From a computational point of view, no additional equation is required to account for radiation in participating media. Just a highly nonlinear conductivity term appears. However, the number of problems for which this approximation is valid is limited: mainly, radiation that depends on the temperature and its gradient only and not on its direction or distance to the source, which is valid at very large optical depths. This applies to stellar atmospheres, for which the method was first developed by Rosseland. It is also a common method in the glass industry for a wide range of uses.

Because the Rosseland approximation inserts an additional term to Eq. (9), it is available as an extension of the Solid feature and is called Optically Thick Participating Medium.

A screenshot of a feature used to consider radiation at large optical depths.
Subfeature to consider radiation at large optical depths.

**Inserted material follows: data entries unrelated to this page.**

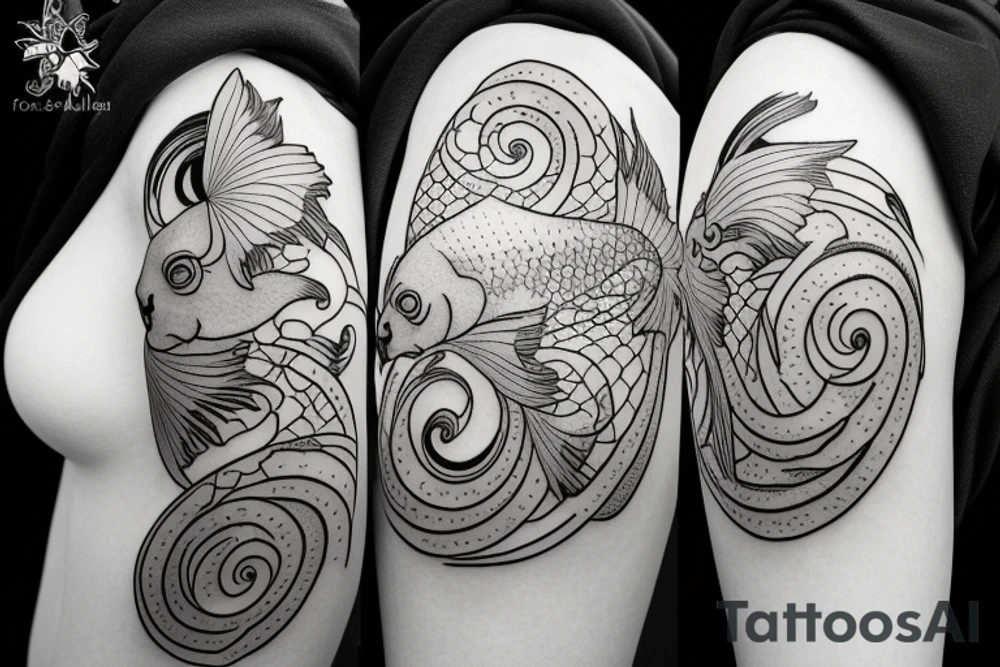 Koi fish moon cycle and flowers tattoo idea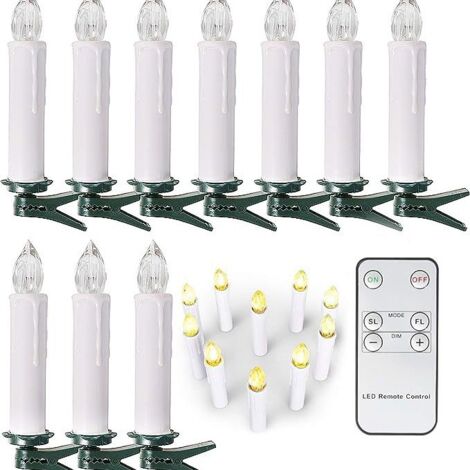 LAOA Bougies de Sapin de Noël Lot de 12, Bougies LED Flottantes sans Flamme à Piles et Télécommande avec Pince, Bougies Lumières d'Arbre de Noël Décoration à la Maison pour Fête- Blanc Chaud (1/5)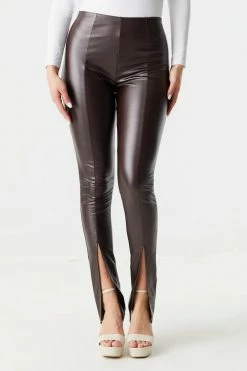 Stitches Ladies Faux-Leather Pull-on Front Slit Flare Pant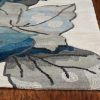 3' x 5' Ivory Blue Oversized Leaves Area Rug - Image 3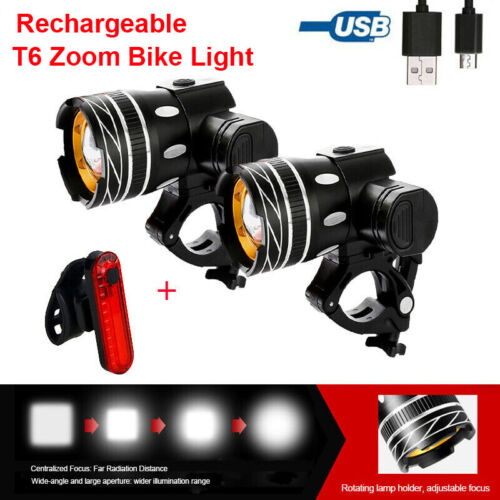 15000LM Zoom Bike LED Front Light Mountain MTB Headlamp Upgrade Torch Rear Lamp 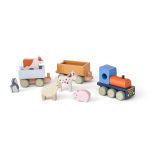 KIDS CONCEPT. Ξύλινο Τρενάκι Με Ζώα Της Φάρμας AIDEN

Method 4: Beer–Lambert Law

This law is a great simplification of the RTE but still provides an accurate solution if the following conditions are fulfilled:

  1. The radiation source is described by collimated, almost monochromatic beams
  2. Refraction, reflection, or scattering in the medium can be neglected
  3. There is no emission in the wavelength range of the incident beam

This is the case for photometry and the analysis of chemical compositions. The RTE then simplifies to:

(13)

\frac{\mathbf{e}_i}{||\mathbf{e}_i||}\cdot\nabla I_i=-\kappa I_i

with the beam’s orientation \mathbf{e}_i.

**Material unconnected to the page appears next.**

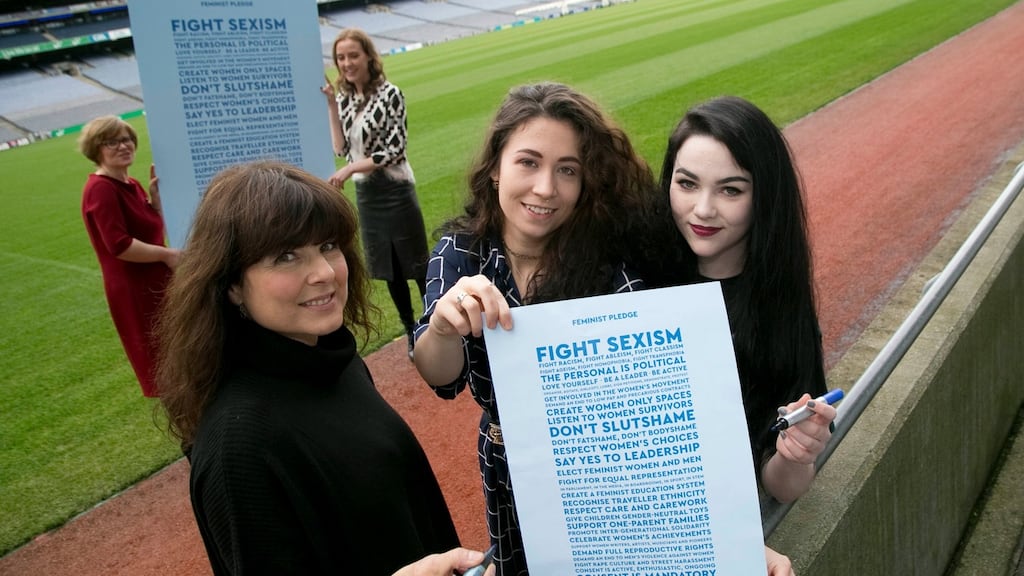 Orla O’Connor, Tara Flynn, Laura Hardiman and Louise O’ Neill at the National Women’s Council’s FemFest conference in Croke Park: The council’s breakthrough manifesto highlights 10 key areas it says will change the outlook for women in Ireland. Photograph: Colm Mahady/Fennells
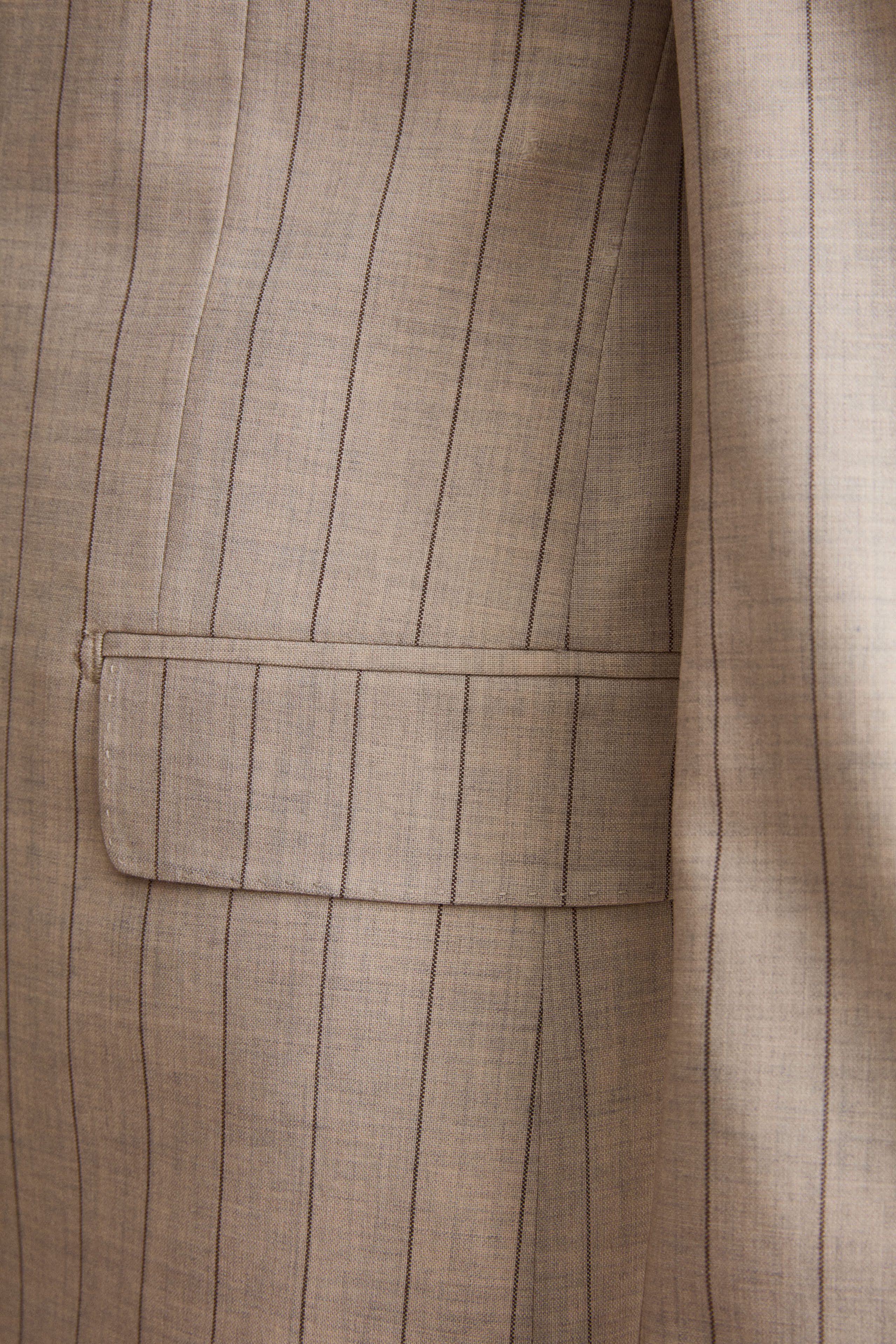 Abito Uomo in Lana Vergine Gessato Slim Fit - BEIGE GESSATO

As the beam travels through the medium, energy is absorbed and the radiative heat source term is defined by:

(14)

Q=\sum_i{\kappa I_i}

Hence, the Beer–Lambert law describes the attenuation of the radiation intensity by absorption as the beam travels through the medium.

Verification Examples: Accounting for Radiation in Participating Media

This section shows examples for the different methods we discussed earlier and compares the results for various properties of the participating medium.

Cooling Glass Melt

To compare the DOM, P1 approximation, and Rosseland approximation for a typical scenario, let’s take a look at a glass melt that is cooled down from 600°C to 20°C. Due to the high temperatures, this cooling occurs mainly via radiation. The resulting temperature distribution after 10 seconds is compared for low and high absorption coefficients.

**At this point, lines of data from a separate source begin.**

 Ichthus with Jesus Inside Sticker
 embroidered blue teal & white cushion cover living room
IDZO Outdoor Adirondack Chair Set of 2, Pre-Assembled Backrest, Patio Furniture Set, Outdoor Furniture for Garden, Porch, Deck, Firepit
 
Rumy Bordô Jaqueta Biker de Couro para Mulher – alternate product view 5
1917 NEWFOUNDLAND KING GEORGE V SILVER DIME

A plot comparing ways to model radiation in participating media.
Temperature profile at the centerline and in the glass plate for \kappa=5\ m^{-1}. The Rosseland approximation is not sufficient for a low optical thickness. The P1 approximation provides a very accurate solution.

A plot comparing the P1 and Rosseland approximations for a simulation involving high heat.
Temperature profile at the centerline and in the glass plate for \kappa=120\ m^{-1}. The Rosseland approximation provides a reasonable result despite its simplicity. The P1 approximation is still very accurate but not as accurate as it is for a low \kappa.

This example shows that the P1 approximation can be very accurate over a large range of \tau and gives good results for optically thin media as well. It also shows the weakness of the Rosseland approximation for small optical depths that are present at the walls and for a low \kappa. The computational costs for the DOM are significantly higher, taking about 10 times longer to solve than the other methods.

Scattering in a Cylinder

To investigate the accuracy of the P1 approximation and DOM for different scattering effects and wall properties, a verification model is investigated for three different cases:

  1. Constant surface emissivity, \epsilon_r=0.5, with isotropic scattering
  2. Radially varying emissivity, \epsilon_r=0.5(1-y/R), with isotropic scattering
  3. Radially varying emissivity, \epsilon_r=0.5(1-y/R), with linear anisotropic scattering

The scattering albedo \omega=\sigma / (\sigma+\kappa) is used to parameterize the model.

A plot comparing incident radiation for different scattering scenarios in the radial direction.
Case 1: Incident radiation for a varying isotropic scattering albedo in the radial direction.

Side-by-side images showing incident radiation in the azimuthal direction.
Case 2: Incident radiation for a varying isotropic scattering albedo in the azimuthal direction.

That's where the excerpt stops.